Ces violations touchent majoritairement les populations civiles, particulièrement dans les zones en proie aux conflits armés.

L’Est du pays, épicentre des violences

Près de 97 % des cas recensés ont été enregistrés dans les provinces de l’Est, notamment au Nord-Kivu, au Sud-Kivu et en Ituri, où les affrontements entre groupes armés et forces de sécurité se poursuivent.
Les groupes armés demeurent les principaux responsables, avec environ 70 % des violations documentées. Leurs exactions incluent des attaques contre les civils, des enlèvements ainsi que des violences répétées. Toutefois, les forces de sécurité et certains agents de l’État sont également mis en cause, représentant 30 % des cas.

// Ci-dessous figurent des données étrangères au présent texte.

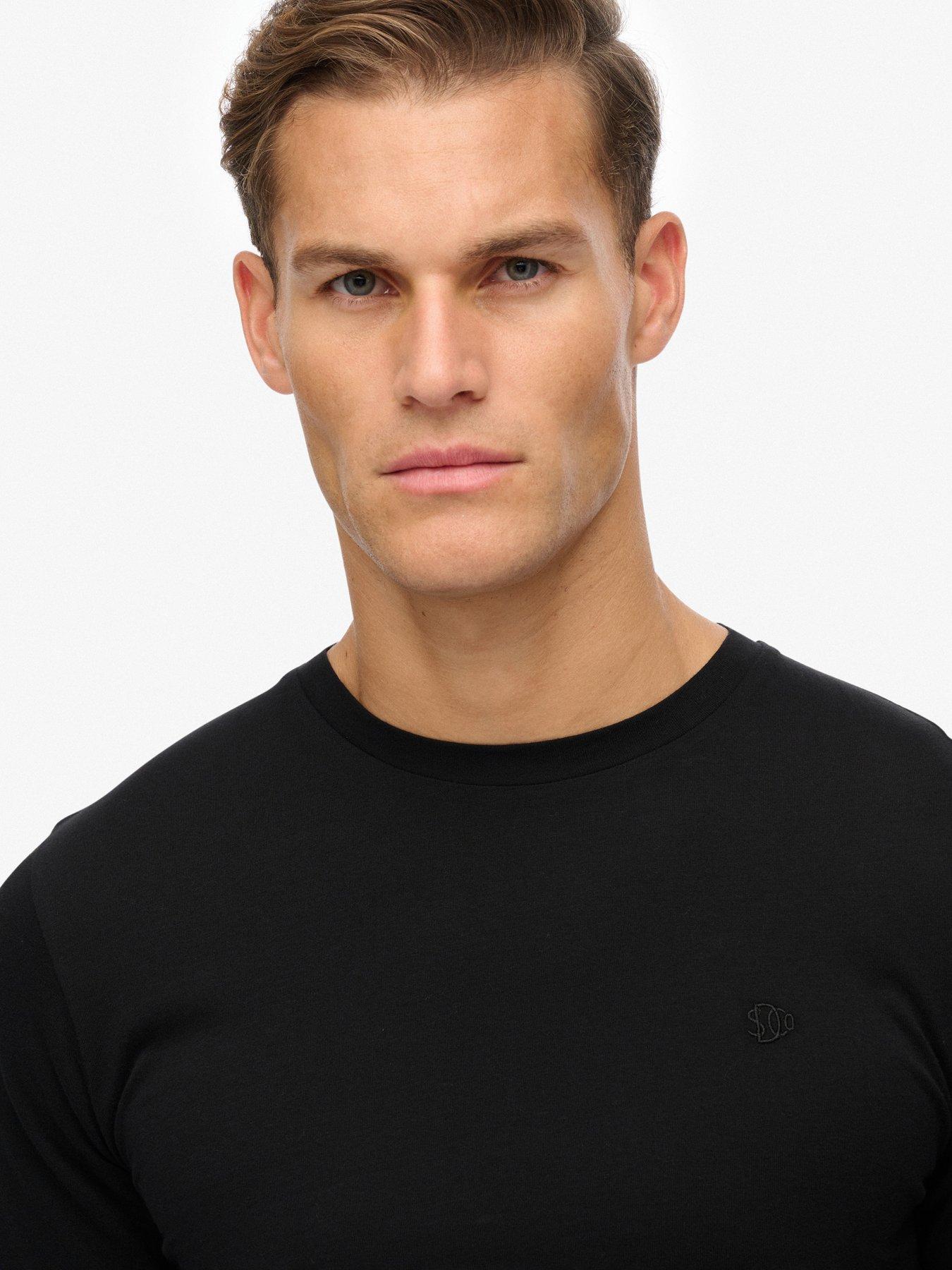 Image 4 of 5 of Superdry Superdry Classic Essential Long Sleeve T-shirt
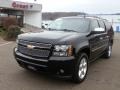 Black - Suburban LTZ 4x4 Photo No. 2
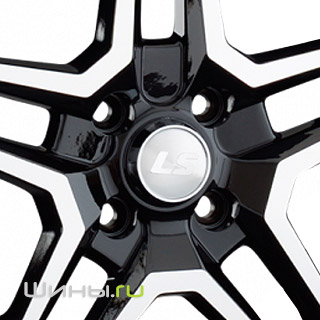 LS Wheels LS-854 (BKF)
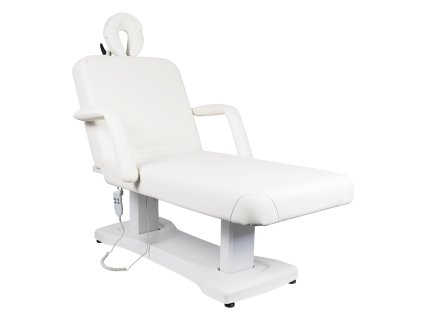 Azzurro Spa – kosmetické lehátko Azzurro 819A, 3 motory, bílé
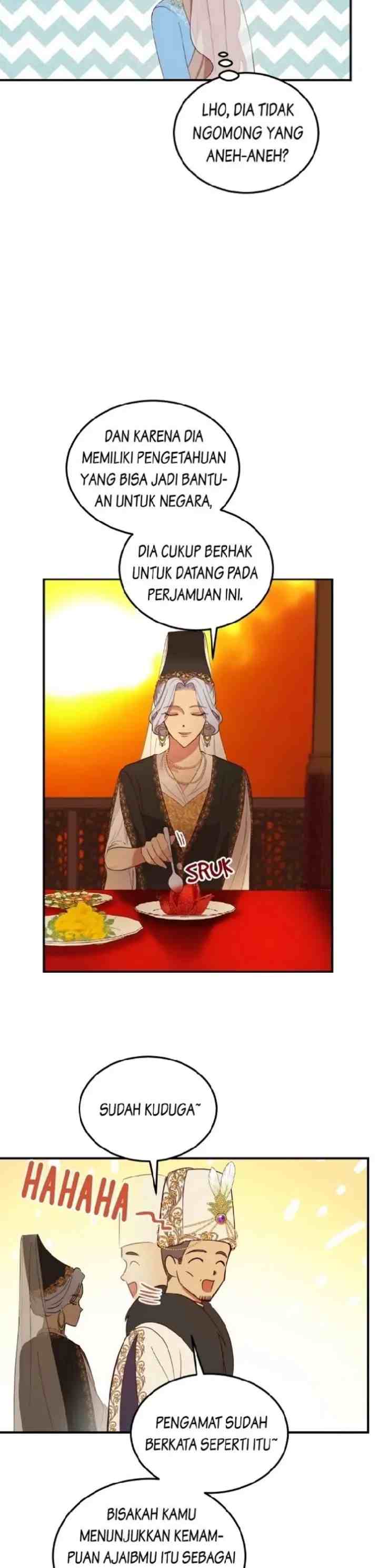 Amina of the Lamp chapter 62 halaman 14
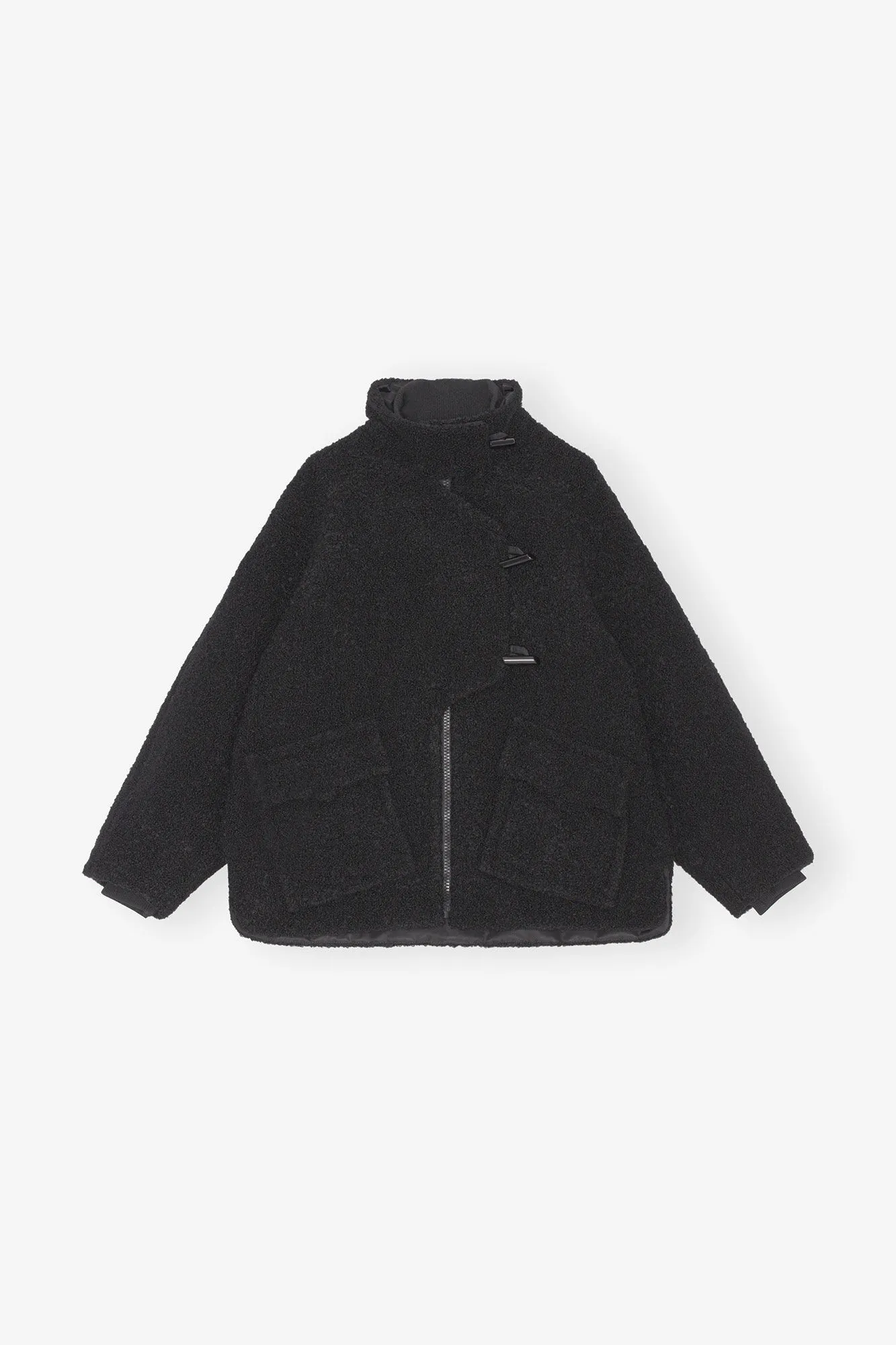 Black Boucle Jacket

Violences sexuelles et libertés fondamentales menacées

Parmi les violations les plus préoccupantes, figurent les violences sexuelles liées aux conflits. Au moins 61 victimes ont été recensées, en majorité des femmes et des filles. Bien que ce chiffre soit en baisse par rapport au mois précédent, il reste en deçà de la réalité en raison des difficultés d’accès aux victimes et du phénomène de sous-déclaration dans les zones insécurisées.

En parallèle, des atteintes aux libertés fondamentales ont été signalées. Le rapport fait état de restrictions de l’espace civique et indique qu’au moins 42 membres de partis politiques étaient encore détenus fin janvier dans divers centres de détention, dont certains non reconnus officiellement.

Journalistes et défenseurs des droits humains sous pression

Le climat reste également préoccupant pour les acteurs de la société civile. Des menaces et pressions visant des défenseurs des droits humains et des journalistes ont été documentées dans plusieurs provinces, traduisant un rétrécissement de l’espace d’expression et de surveillance citoyenne.

Conséquences humanitaires préoccupantes

Sur le terrain, les répercussions de cette insécurité sont lourdes : déplacements massifs de populations, accès limité à l’aide humanitaire et précarité accrue. Les civils continuent de payer le plus lourd tribut dans un contexte marqué par la persistance des violences.

Une crise qui s’inscrit dans la durée

Malgré l’ouverture de certaines procédures judiciaires contre des auteurs présumés, la situation globale reste dominée par l’impunité et la répétition des violations. Dans les zones les plus touchées, le quotidien des populations est rythmé par la peur, les déplacements forcés et l’incertitude.
Les données de janvier 2026 confirment ainsi une tendance persistante : la crise des droits humains en RDC demeure profonde, avec des civils toujours en première ligne.